Someone Dead Ruined My Life... Again is a video deliberately constructed to be entertaining, looking at part of CGPGrey's research for the 💖 The Tale of Tiffany 💖 video about the origin of the name Tiffany.
I'm wondering how this compares and contrasts with your personal experiences of research in the internet level.
Certainly anyone else can give their opinion, but I would like to link back to my answer to How well does CGP Grey encapsulate the experience of a historian? which focused on my impression of the Tiffany video. The short version is that I didn't think it does line up with my experience of doing history in its narrow focus on finding and documenting instances of a word/name - my experience is of either studying many primary sources and drawing conclusions based on that large body of knowledge, or reading widely in secondary sources on related topics and building an understanding of an aspect of the historical world.

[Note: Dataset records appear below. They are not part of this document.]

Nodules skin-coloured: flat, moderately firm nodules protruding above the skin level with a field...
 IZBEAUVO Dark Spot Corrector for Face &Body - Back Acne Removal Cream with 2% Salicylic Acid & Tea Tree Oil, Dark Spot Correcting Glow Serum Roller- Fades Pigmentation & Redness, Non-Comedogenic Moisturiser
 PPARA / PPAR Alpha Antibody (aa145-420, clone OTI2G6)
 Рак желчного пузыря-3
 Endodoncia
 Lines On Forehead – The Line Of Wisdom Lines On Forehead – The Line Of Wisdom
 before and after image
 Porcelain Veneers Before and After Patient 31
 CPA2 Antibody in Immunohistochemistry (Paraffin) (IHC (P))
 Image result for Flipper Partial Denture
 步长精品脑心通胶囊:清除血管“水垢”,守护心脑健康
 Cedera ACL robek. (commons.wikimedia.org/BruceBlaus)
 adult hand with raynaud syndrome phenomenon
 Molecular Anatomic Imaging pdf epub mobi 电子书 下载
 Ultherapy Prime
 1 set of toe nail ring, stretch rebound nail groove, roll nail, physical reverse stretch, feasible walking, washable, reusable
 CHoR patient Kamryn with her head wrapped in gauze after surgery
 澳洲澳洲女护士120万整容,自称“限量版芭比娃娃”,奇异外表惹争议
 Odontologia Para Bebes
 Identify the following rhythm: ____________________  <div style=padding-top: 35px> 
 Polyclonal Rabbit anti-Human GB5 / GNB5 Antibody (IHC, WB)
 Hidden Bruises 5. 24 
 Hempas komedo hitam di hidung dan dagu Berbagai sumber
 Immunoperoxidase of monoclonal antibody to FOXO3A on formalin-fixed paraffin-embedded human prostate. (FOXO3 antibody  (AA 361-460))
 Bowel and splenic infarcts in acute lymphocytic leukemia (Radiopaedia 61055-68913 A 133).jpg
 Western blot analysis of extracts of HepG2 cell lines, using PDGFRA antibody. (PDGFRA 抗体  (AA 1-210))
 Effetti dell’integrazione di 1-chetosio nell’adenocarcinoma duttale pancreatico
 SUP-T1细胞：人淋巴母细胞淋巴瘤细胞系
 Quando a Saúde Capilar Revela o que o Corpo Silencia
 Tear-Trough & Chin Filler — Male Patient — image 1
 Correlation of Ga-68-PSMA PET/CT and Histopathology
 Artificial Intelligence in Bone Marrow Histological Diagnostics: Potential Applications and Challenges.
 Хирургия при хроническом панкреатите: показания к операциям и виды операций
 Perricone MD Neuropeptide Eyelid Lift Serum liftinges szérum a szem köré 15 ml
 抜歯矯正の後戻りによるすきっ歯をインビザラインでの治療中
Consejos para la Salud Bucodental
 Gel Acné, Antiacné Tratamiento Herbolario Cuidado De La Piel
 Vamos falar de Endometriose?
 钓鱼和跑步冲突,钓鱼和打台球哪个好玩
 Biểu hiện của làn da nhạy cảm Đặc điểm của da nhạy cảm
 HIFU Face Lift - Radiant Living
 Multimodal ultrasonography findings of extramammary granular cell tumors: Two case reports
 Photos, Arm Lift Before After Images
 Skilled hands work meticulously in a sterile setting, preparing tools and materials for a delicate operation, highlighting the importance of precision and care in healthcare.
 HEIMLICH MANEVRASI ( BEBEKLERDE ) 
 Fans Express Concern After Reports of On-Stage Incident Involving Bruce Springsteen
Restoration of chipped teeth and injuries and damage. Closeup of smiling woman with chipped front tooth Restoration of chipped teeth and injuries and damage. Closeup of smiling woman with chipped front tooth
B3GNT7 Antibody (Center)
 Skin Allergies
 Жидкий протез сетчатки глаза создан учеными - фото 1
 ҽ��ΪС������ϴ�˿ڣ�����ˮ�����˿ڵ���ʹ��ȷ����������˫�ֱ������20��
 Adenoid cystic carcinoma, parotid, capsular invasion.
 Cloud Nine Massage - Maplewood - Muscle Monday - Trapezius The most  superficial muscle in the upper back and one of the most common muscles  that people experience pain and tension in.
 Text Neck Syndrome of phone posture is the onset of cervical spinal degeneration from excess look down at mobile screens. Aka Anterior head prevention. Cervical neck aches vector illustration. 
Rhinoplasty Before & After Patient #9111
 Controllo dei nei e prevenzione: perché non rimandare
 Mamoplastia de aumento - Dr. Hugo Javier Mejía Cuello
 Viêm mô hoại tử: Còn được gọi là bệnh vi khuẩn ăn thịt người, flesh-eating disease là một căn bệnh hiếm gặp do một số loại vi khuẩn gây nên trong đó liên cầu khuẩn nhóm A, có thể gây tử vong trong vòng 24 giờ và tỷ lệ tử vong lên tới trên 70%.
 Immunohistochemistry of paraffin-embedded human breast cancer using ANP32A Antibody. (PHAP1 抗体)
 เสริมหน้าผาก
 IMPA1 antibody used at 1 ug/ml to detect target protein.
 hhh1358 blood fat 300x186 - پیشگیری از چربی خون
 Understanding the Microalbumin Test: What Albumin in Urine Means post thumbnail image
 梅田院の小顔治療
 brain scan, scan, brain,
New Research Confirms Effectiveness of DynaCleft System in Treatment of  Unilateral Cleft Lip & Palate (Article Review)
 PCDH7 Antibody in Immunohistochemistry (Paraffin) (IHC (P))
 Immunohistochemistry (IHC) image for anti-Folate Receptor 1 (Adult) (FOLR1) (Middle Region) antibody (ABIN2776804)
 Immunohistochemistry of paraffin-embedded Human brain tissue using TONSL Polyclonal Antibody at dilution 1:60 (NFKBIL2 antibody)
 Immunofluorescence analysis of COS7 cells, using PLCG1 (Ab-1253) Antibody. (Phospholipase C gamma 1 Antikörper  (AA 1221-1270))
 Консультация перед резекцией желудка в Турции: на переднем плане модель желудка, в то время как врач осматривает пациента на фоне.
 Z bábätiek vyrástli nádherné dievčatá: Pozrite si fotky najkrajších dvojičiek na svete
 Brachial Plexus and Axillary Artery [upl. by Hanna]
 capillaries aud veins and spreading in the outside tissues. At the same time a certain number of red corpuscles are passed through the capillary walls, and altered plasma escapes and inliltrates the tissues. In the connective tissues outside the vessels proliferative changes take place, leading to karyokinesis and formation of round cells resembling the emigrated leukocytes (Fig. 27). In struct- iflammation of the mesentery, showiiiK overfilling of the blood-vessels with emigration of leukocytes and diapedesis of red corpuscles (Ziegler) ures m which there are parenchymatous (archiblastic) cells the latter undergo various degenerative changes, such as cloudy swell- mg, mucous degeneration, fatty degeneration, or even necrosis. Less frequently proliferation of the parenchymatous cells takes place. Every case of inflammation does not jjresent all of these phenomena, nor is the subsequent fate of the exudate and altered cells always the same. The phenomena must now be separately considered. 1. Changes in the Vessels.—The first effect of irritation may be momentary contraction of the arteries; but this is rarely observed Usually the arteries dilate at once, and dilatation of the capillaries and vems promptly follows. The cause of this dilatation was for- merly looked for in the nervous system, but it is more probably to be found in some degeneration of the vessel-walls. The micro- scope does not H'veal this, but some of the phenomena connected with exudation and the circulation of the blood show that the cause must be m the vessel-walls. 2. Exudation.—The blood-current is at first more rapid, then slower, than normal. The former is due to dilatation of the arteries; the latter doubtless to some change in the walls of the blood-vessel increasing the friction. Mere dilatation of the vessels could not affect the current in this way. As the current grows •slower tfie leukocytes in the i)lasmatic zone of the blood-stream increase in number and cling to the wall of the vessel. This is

So for instance, the obsession with trying to track down a poem presented as very old in a mid-19th century text is not something that's generally going to happen in a historian's work. Not never - I can picture someone going down a rabbit hole - but not to prove that "Tiffany" was considered a woman's name in the Middle Ages a single time. And his rabbit hole seems to continually branch into totally unrelated subjects, while at the same time he failed to note e.g. the misspellings of the family's surname or look for variations in the spelling in the first place! (Historians who study early modern England know that spelling was optional, especially with names. And that early modern historians are not super reliable sources in the first place, so they wouldn't fixate so much on the idea that Hearne Knows Something that they can know too if they look hard enough.)
If I go down a rabbit hole, it's going to be more like ... say I'm reading about how actresses in the 18th/early 19th century managed their wardrobes for the stage, which they had to provide, and the relationships they had with dressmakers and the fashion industry. I might decide to look up some more info about Sarah Siddons, a famous actress from the end of the eighteenth century, and then when I read about how she appeared onstage pregnant, I get a book on views of pregnancy in Georgian England to better understand that aspect of her life. Or I might get frustrated with the lack of info on specific French dressmakers of the time and get into the primary sources, reading/skimming issues of early nineteenth century French fashion magazines to see if there are any mentions of who is making these clothes - I'm just going to sit down and look through Le Journal des Dames et des Modes from 1800 to 1820, going through every issue. In both cases, the focus is on broadening my understanding of a certain facet, which generally also leads to a broadening of my understanding of the period in general; reading the primary sources en masse may give me new avenues to look through as I start to notice how many garments are associated with specific performances.
I don't begrudge him his fun going into all of this, but it's not much like what historians do, in my experience.